Blinken talks Russia with Turkey ahead of Erdoğan-Putin meeting
U.S. Secretary of State Antony Blinken discussed the threat posed by Russia and renewed clashes between Armenian and Azerbaijani forces over Nagorno-Karabakh in a phone call with his counterpart in Turkey on Thursday.
Blinken talked with Turkish Foreign Minister Mevlüt Çavuşoğlu about ways to advance NATO unity considering the threat of further Russian escalation and aggression against Ukraine, State Department spokesperson Ned Price said in a readout of the telephone call.
The conversation came the day before Turkish President Recep Tayyip Erdoğan was due to meet with Russian President Vladimir Putin in Sochi, Russia. Turkey, a NATO member, has developed close ties with Moscow over the past five years as it sought to develop a foreign policy independent of Western tutelage. A decision in 2019 to take delivery of Russian S-400 air defence missiles prompted the United States to exclude it from purchasing the F-35 stealth fighter jet.
Blinken said he also discussed with Çavuşoğlu a deal brokered by Turkey and the United Nations to export grain from Ukraine to world markets. He said that it was important to work together to ensure more ships were able to depart and that Moscow was held accountable for the commitments it made.
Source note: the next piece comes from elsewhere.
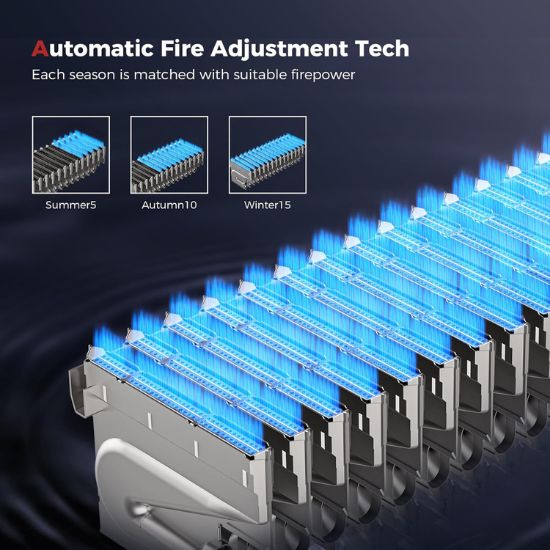 Camplux Climatech-7 Indoor Tankless Gas Water Heater 5.28 GPM | White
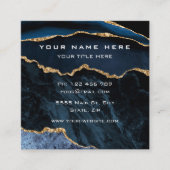 Navy Blue Gold Visitekaartje Ontwerp uw eigen (Voorkant)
Three cargo ships carrying grain and foodstuffs left Ukrainian ports on Friday, Turkey’s state-run Anadolu news agency reported, taking the total to four since the deal was finalised two weeks ago. The ships would head for Great Britain, Ireland and Turkey once they passed inspections in Istanbul, it said.
Despite the war in Ukraine, Turkey has refused to impose sanctions on Russia or its oligarchs and continues to cooperate with Moscow on regional issues such as Syria. Erdoğan is meeting with Putin after holding talks with him last month in Tehran, Iran.
Erdoğan has caused a mini crisis in NATO by seeking to block the accession of Sweden and Finland, saying they were harbouring terrorists threatening Turkey’s security. He dropped his objections at a NATO summit in late June, but insists that the Turkish parliament will not ratify their membership unless they deport terrorist suspects for trial in Turkey.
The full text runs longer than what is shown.